Produce as output only the lines below starting at the line with "Close-up of the" and continuing through the line with "Women wearing a", each one exactly as written.

Short descriptive text snippets

________________________________________

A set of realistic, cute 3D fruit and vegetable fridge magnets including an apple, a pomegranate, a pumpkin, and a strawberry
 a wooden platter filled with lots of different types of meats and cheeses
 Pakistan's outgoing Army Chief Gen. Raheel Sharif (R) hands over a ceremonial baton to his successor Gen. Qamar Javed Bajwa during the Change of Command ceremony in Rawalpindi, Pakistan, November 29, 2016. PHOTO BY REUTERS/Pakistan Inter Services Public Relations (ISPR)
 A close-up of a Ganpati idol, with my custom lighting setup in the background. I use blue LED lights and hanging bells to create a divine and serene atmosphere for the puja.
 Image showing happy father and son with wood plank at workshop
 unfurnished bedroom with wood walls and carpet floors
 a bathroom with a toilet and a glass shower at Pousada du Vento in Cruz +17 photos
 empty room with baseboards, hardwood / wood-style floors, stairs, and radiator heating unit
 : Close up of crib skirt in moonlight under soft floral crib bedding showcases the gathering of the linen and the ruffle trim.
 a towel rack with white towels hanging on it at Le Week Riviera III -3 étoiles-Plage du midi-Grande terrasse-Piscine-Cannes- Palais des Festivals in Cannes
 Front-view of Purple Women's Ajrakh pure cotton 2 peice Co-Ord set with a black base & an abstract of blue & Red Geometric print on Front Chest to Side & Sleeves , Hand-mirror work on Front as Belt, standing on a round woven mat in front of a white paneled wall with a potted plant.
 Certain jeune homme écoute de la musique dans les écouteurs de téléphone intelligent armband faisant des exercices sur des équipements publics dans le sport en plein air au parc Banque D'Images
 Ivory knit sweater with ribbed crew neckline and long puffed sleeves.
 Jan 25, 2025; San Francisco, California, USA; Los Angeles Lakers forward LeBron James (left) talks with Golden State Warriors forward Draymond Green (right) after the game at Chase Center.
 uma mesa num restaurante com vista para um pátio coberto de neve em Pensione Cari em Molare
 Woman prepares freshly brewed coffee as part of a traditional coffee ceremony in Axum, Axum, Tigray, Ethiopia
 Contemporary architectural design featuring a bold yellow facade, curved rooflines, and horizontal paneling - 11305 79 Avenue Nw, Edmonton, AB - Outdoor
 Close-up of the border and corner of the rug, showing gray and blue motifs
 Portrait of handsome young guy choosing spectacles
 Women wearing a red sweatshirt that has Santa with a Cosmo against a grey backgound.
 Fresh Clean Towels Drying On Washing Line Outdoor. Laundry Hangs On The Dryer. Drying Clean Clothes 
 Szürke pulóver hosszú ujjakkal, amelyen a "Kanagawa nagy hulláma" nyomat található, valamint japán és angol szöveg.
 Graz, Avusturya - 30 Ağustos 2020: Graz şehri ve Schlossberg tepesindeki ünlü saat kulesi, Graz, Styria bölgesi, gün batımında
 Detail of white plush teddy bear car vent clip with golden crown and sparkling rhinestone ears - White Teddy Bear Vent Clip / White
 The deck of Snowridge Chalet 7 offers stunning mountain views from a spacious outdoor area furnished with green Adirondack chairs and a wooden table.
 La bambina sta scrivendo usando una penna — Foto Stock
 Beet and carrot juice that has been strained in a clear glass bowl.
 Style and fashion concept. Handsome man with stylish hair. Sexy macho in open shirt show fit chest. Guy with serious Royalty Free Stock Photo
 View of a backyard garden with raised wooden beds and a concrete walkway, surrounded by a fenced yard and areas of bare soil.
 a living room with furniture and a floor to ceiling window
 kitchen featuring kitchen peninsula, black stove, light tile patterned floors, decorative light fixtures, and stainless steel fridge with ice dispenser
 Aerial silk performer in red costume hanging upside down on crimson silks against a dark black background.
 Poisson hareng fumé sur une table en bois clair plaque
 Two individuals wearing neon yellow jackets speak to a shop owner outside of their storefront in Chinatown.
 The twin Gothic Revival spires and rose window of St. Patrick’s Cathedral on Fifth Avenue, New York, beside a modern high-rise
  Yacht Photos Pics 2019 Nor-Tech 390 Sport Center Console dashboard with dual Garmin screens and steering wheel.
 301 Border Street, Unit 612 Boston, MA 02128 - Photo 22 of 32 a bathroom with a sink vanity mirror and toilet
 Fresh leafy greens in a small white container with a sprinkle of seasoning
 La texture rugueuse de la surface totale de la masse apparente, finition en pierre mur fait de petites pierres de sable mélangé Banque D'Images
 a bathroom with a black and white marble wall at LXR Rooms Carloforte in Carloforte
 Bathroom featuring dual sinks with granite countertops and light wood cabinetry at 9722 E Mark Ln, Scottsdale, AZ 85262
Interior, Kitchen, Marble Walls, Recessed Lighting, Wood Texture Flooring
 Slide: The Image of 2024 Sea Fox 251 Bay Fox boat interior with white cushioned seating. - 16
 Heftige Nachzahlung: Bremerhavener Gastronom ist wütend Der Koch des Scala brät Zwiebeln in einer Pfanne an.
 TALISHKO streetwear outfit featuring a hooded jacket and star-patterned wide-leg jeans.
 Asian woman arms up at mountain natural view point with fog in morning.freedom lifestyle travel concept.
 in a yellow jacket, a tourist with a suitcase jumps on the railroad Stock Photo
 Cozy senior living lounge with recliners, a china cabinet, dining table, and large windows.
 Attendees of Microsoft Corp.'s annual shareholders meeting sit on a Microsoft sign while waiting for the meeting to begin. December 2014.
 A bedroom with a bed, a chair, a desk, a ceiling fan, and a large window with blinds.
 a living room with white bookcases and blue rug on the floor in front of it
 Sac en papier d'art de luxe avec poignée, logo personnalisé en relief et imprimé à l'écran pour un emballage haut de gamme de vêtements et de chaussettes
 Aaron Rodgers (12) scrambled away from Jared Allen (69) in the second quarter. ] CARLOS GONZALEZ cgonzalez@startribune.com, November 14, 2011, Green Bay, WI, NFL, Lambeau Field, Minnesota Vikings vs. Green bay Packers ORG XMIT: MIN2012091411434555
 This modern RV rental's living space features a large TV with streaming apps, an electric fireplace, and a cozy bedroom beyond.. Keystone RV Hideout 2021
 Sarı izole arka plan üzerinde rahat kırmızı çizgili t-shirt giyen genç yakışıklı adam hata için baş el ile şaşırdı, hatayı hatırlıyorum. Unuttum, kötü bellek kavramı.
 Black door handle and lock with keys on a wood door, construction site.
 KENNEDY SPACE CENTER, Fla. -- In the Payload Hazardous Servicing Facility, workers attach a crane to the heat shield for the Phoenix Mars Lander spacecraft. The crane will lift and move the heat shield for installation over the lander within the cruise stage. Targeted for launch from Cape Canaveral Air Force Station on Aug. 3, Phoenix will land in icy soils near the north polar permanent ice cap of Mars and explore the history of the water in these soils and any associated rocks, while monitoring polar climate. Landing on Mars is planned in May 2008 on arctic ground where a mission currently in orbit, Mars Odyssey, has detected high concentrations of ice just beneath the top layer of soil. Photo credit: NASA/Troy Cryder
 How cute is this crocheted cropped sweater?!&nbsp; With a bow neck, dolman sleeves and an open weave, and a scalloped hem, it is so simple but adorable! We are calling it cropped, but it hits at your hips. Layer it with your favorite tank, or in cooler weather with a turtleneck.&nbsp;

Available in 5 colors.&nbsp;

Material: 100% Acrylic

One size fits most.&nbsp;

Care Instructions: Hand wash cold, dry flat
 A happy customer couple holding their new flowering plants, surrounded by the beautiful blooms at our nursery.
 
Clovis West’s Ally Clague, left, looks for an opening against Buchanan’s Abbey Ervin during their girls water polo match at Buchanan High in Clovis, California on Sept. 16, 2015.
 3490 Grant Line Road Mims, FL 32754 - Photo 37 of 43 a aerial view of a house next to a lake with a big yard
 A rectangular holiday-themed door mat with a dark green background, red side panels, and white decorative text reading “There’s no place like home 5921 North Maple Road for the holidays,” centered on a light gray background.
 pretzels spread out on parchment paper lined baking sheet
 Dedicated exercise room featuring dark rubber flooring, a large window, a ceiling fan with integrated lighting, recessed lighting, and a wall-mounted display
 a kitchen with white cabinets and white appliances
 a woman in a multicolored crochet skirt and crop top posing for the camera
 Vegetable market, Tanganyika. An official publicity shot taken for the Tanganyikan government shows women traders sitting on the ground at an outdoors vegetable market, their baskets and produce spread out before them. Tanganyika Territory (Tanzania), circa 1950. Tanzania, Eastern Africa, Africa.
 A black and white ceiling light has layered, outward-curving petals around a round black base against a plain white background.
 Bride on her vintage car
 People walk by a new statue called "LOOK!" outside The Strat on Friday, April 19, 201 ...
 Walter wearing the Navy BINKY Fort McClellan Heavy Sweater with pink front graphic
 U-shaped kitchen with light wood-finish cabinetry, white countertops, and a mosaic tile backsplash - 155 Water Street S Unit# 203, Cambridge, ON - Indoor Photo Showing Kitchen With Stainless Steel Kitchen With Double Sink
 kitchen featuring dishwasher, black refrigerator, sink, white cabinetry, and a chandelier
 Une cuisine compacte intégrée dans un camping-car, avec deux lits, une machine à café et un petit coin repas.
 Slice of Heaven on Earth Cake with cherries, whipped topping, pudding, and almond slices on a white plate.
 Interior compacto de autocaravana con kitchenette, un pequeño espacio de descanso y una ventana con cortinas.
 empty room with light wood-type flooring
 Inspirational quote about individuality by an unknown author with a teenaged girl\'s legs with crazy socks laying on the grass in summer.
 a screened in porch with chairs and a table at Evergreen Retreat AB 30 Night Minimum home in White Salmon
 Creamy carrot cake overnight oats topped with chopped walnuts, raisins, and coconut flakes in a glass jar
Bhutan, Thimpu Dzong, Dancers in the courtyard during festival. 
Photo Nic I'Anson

________________________________________

* _Response to the exercise_
 Close-up of the border and corner of the rug, showing gray and blue motifs
 Portrait of handsome young guy choosing spectacles
 Women wearing a red sweatshirt that has Santa with a Cosmo against a grey backgound.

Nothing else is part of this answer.